-------- Input records

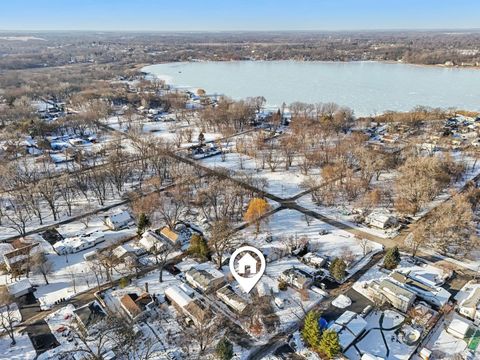 Tiny photo for 26814 N Genesee Street, Wauconda, IL 60084 (MLS # 12533062)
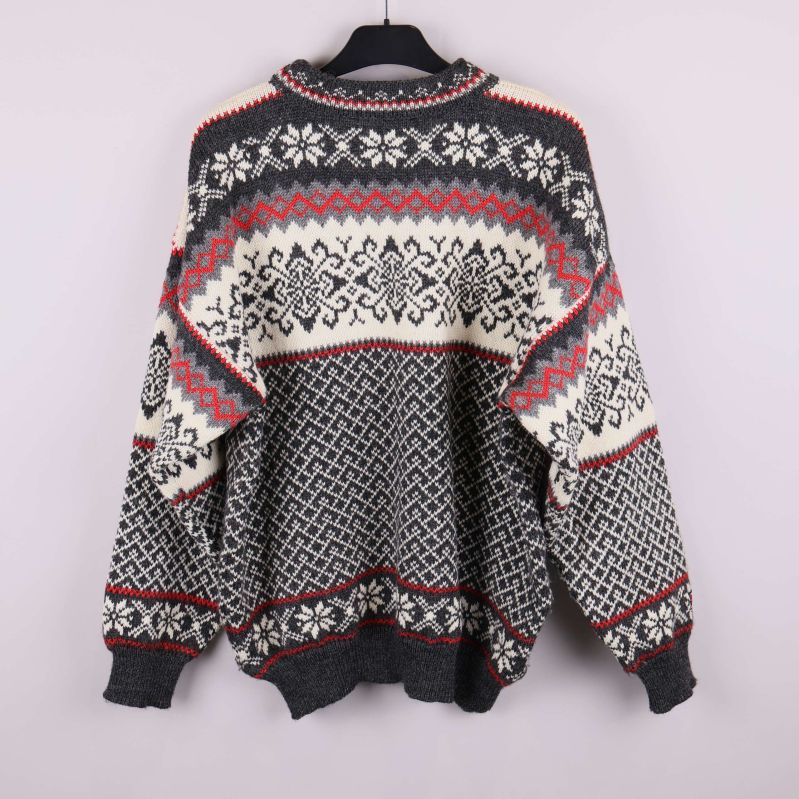 Tröjans baksida med genomgående nordiskt mönster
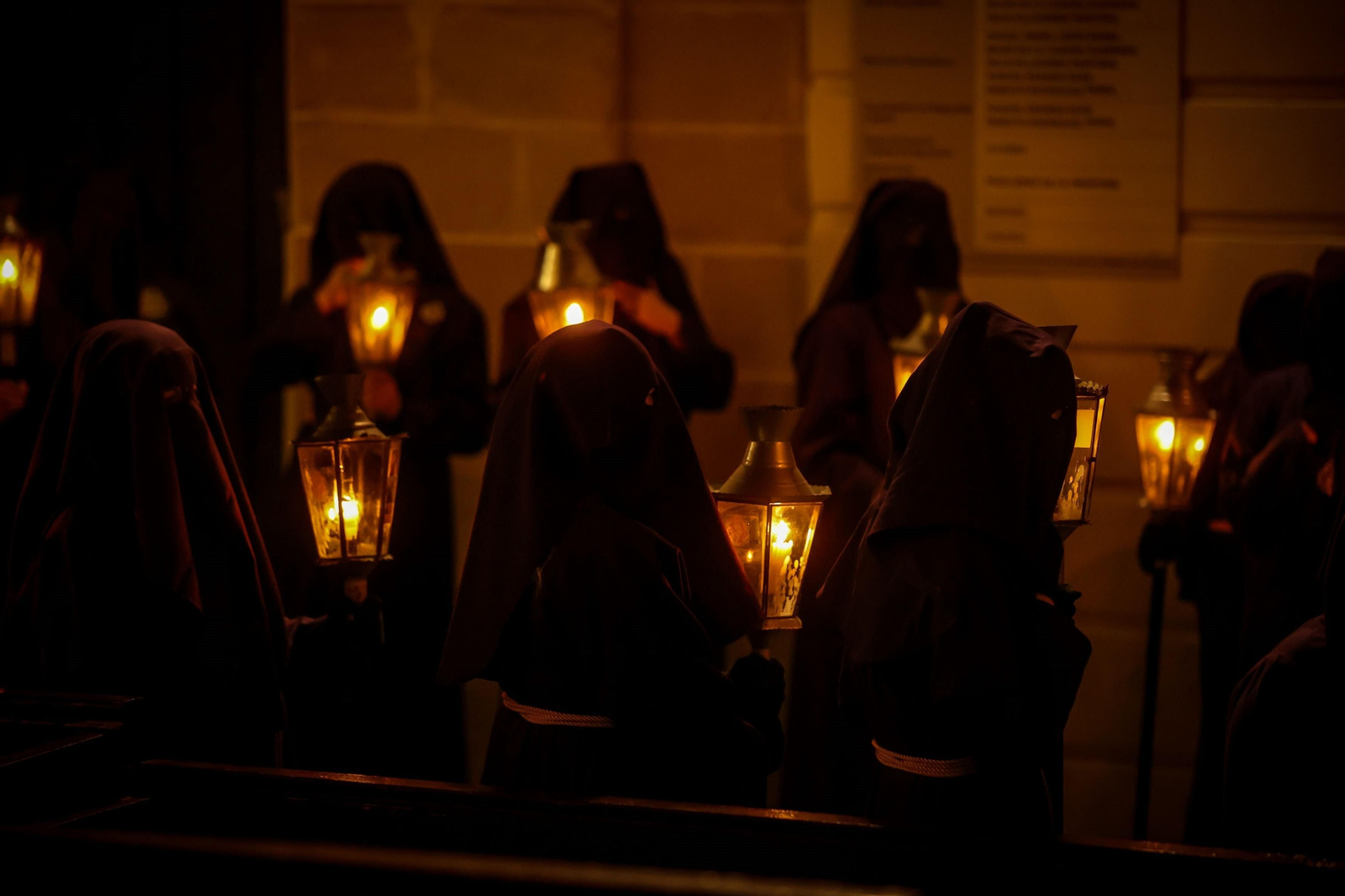 Madrugada del Viernes Santo en Jerez: imágenes de la Noche de Jesús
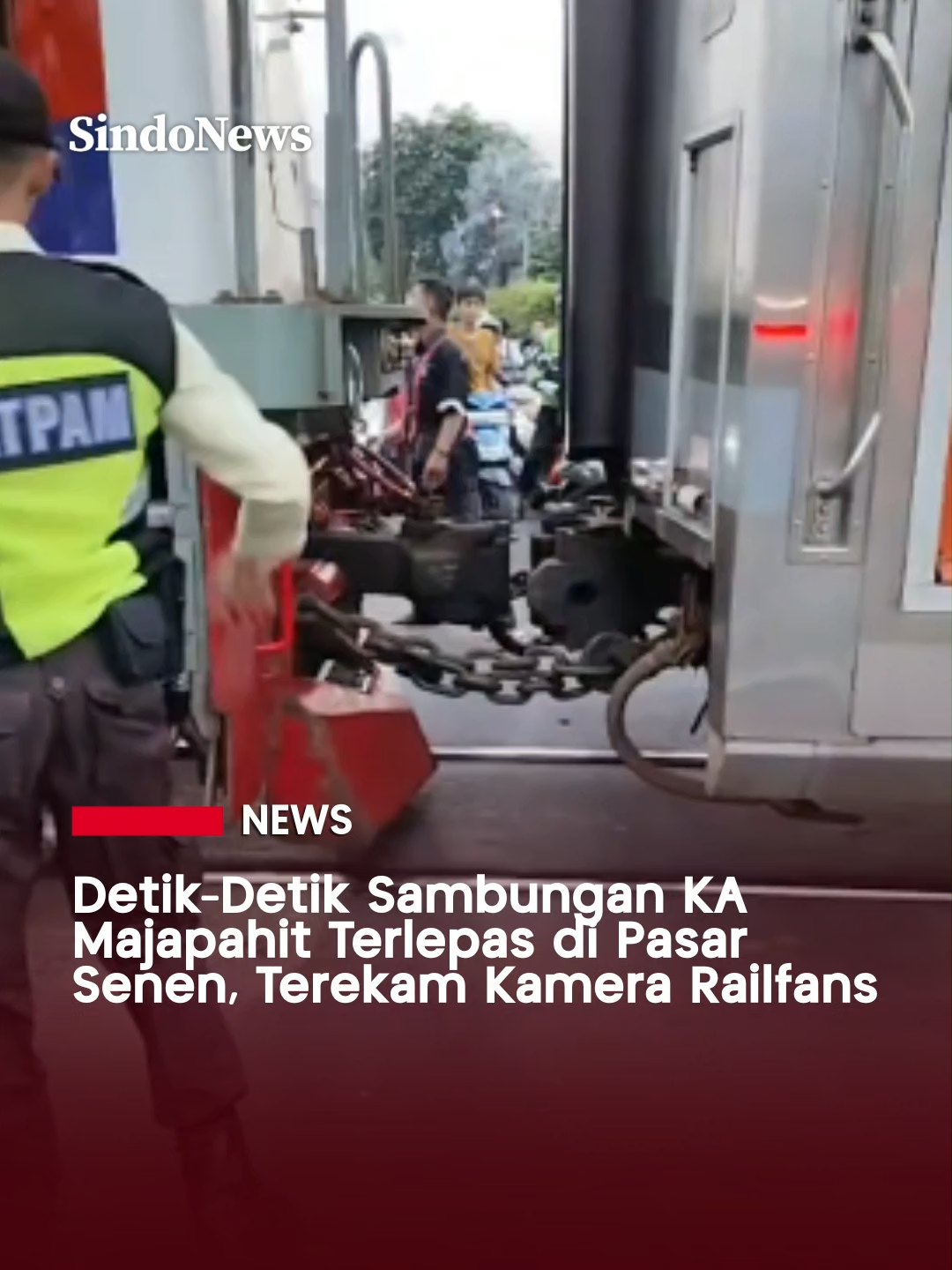 Sebuah insiden terjadi pada Jumat (14/11/2025) di Stasiun Pasar Senen, Jakarta, saat sambungan (coupler) rangkaian kereta api Majapahit terlepas. Peristiwa ini terekam dalam siaran langsung oleh seorang penggemar kereta api yang tengah menyiarkan momen tersebut di kanal YouTube-nya. Dalam tayangan tersebut, pemilik akun Aceng Railfans dengan sigap menyadari kejadian tersebut dan segera memberitahukan masinis mengenai sambungan yang terlepas. Berkat respons cepat dari penggemar tersebut, petugas di stasiun langsung turun tangan untuk menyambungkan kembali coupler yang terlepas, memastikan perjalanan kereta dapat dilanjutkan dengan aman. Meskipun peristiwa ini tidak menyebabkan gangguan signifikan, kejadian ini menjadi perhatian bagi para penumpang dan penggemar kereta api yang mengikuti siaran langsung tersebut. #SINDONews #SINDONewscom #SINDNewsbeyondheadlines #SINDONewsTV #iNewsMediaGroup #Beritaviral #BeritaTerkini #KAI #Pasarsenen #Railfans #KAMajapahit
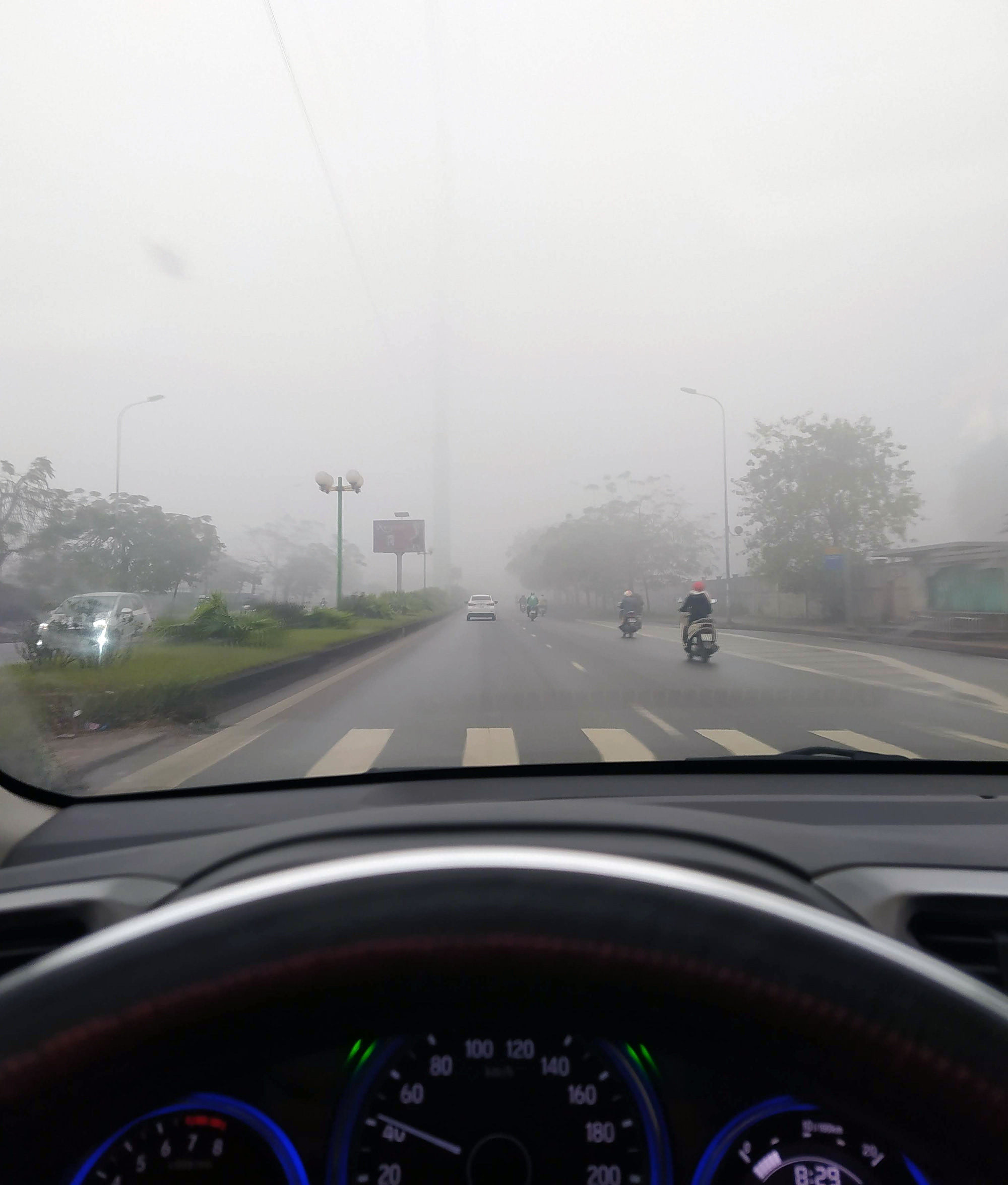 Hà Nội chìm trong sương mù giữa dịch virus corona - Ảnh 3. Hà Nội chìm trong sương mù giữa dịch virus corona - Ảnh 3.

----------------

Each line above should be printed again exactly, though the pictures should not be.

 Tiny photo for 26814 N Genesee Street, Wauconda, IL 60084 (MLS # 12533062)
 Tröjans baksida med genomgående nordiskt mönster
 Madrugada del Viernes Santo en Jerez: imágenes de la Noche de Jesús
 Sebuah insiden terjadi pada Jumat (14/11/2025) di Stasiun Pasar Senen, Jakarta, saat sambungan (coupler) rangkaian kereta api Majapahit terlepas. Peristiwa ini terekam dalam siaran langsung oleh seorang penggemar kereta api yang tengah menyiarkan momen tersebut di kanal YouTube-nya. Dalam tayangan tersebut, pemilik akun Aceng Railfans dengan sigap menyadari kejadian tersebut dan segera memberitahukan masinis mengenai sambungan yang terlepas. Berkat respons cepat dari penggemar tersebut, petugas di stasiun langsung turun tangan untuk menyambungkan kembali coupler yang terlepas, memastikan perjalanan kereta dapat dilanjutkan dengan aman. Meskipun peristiwa ini tidak menyebabkan gangguan signifikan, kejadian ini menjadi perhatian bagi para penumpang dan penggemar kereta api yang mengikuti siaran langsung tersebut. #SINDONews #SINDONewscom #SINDNewsbeyondheadlines #SINDONewsTV #iNewsMediaGroup #Beritaviral #BeritaTerkini #KAI #Pasarsenen #Railfans #KAMajapahit
 Hà Nội chìm trong sương mù giữa dịch virus corona - Ảnh 3. Hà Nội chìm trong sương mù giữa dịch virus corona - Ảnh 3.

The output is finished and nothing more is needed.